→ **DATASET RECORDS**:
[Start of Attachment]
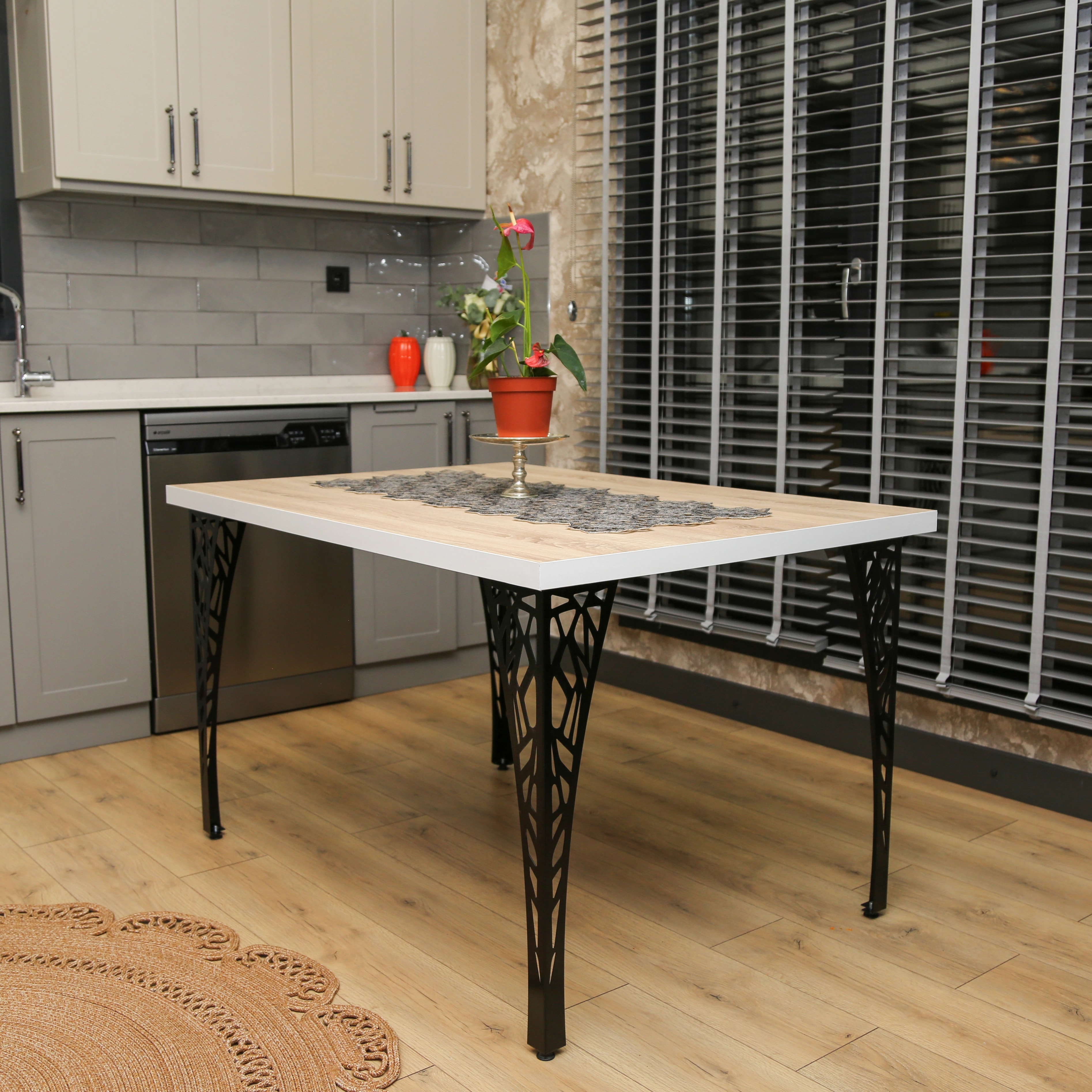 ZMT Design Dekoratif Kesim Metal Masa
[End of Attachment]
[Start of Attachment]
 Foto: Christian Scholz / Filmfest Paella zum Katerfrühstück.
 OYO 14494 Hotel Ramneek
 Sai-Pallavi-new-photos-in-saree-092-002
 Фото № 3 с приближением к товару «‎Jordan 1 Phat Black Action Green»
[End of Attachment]
→ **INSTRUCTIONS TO FOLLOW**:
Please, from the material above, copy only the lines from the line with "OYO 14494 Hotel Ramneek" up to and including the line with "Фото № 3 с приближением", exactly as written.

→ **SOLVED EXERCISE**:
 OYO 14494 Hotel Ramneek
 Sai-Pallavi-new-photos-in-saree-092-002
 Фото № 3 с приближением к товару «‎Jordan 1 Phat Black Action Green»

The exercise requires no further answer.